Go line by line through the records below. Copy whichever lines contain the string "with".

Exercise data

══════════════════════════════

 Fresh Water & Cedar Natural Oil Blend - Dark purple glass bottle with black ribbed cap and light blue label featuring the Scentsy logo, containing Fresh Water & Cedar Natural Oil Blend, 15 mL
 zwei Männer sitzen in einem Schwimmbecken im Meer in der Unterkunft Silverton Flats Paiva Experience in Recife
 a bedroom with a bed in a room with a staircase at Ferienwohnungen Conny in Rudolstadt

══════════════════════════════

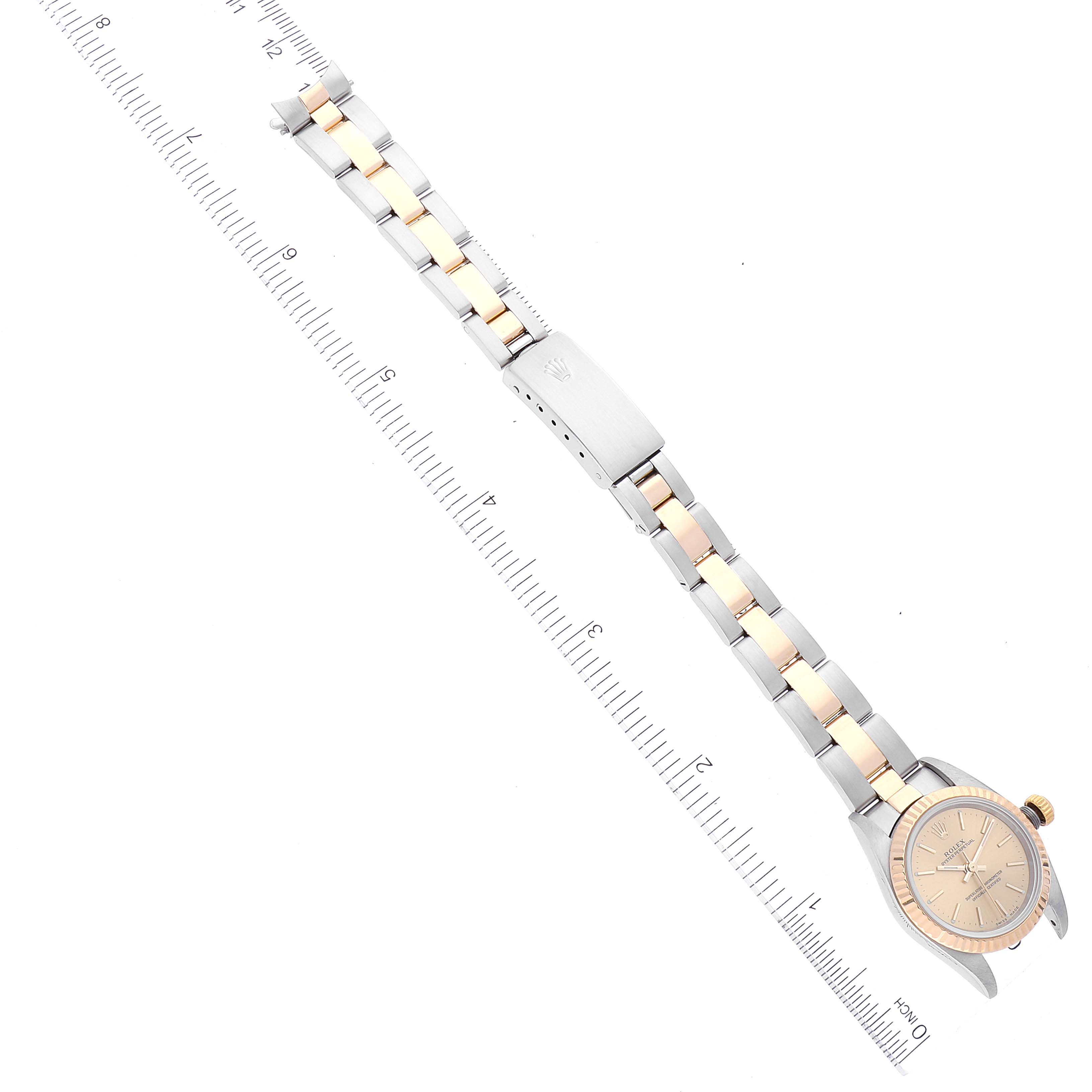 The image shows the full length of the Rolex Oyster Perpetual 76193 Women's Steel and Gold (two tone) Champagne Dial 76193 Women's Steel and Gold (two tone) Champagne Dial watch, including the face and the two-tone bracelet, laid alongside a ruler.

══════════════════════════════

Completed task
 Fresh Water & Cedar Natural Oil Blend - Dark purple glass bottle with black ribbed cap and light blue label featuring the Scentsy logo, containing Fresh Water & Cedar Natural Oil Blend, 15 mL
 a bedroom with a bed in a room with a staircase at Ferienwohnungen Conny in Rudolstadt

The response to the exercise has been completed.